Bilahare atladıktan sonraki macerasını
dinledik. |
"Ben uçağı terk etmek ve atlamak
istemiyordum. Nasıl oldu, bilmiyorum kendimi
boşlukta buldum, bayılmışım. Kendime
geldiğimde sandalyemle birlikte dönüp
duruyordum. Yüzümde ve kolumda ağrılar
vardı. Vakit kaybına durumum müsait olmadığı
için sandalye bağını çözüp sandalyemi
tekmeledim. Paraşütümün açılmasıyla havada
asılı kaldım ve salıncak gibi sallanmaya
başladım. İşte bu an etrafımı daha iyi
incelemeye başladım. Güney Marmara
sahilinden bir hayli uzaktaydım. Teğmen F.

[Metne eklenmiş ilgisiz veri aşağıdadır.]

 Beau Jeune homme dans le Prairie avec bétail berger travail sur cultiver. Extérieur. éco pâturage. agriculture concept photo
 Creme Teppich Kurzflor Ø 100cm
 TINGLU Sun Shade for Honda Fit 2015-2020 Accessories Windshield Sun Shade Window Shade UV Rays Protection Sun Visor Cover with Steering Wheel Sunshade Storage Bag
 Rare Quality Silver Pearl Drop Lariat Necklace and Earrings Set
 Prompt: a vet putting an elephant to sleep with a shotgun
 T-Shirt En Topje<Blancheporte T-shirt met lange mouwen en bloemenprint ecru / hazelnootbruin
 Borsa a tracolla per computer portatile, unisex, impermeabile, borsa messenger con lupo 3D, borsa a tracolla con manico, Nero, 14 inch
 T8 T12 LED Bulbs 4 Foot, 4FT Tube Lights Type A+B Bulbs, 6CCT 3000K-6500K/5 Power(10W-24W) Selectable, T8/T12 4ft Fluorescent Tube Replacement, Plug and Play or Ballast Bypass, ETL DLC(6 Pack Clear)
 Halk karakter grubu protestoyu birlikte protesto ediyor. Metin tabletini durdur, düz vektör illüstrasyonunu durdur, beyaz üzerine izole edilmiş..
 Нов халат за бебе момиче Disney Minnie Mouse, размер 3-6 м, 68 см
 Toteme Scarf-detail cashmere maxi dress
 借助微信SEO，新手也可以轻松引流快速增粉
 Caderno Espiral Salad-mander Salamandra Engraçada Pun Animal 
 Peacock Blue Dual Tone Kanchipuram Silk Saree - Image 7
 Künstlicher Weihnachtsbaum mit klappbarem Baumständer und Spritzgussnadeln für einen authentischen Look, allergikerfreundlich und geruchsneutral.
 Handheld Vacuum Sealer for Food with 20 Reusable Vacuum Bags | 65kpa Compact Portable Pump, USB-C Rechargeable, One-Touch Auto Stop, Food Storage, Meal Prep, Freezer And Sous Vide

GÖKER'in söylediklerini hatırladım ve
meyvestimi (cankurtaran yeleğimi) almadığım
için kendime o kadar çok kızıyordum ki,
anlatamam. Kuzeyden bir hayli kuvvetli
rüzgar esiyordu. Kolonlardan güney tarafta
olanı asılarak ve kayış yaparak sahili
tutturmak için çalıştım. Kayış yapınca çok
çabuk irtifa kaybediyordum. Ama sahile doğru
da gözle görülür bir hızla yaklaşmakta
olduğum için bu harekete devam ettim. Bir
taraftan da bildiğim duaları sıralıyordum.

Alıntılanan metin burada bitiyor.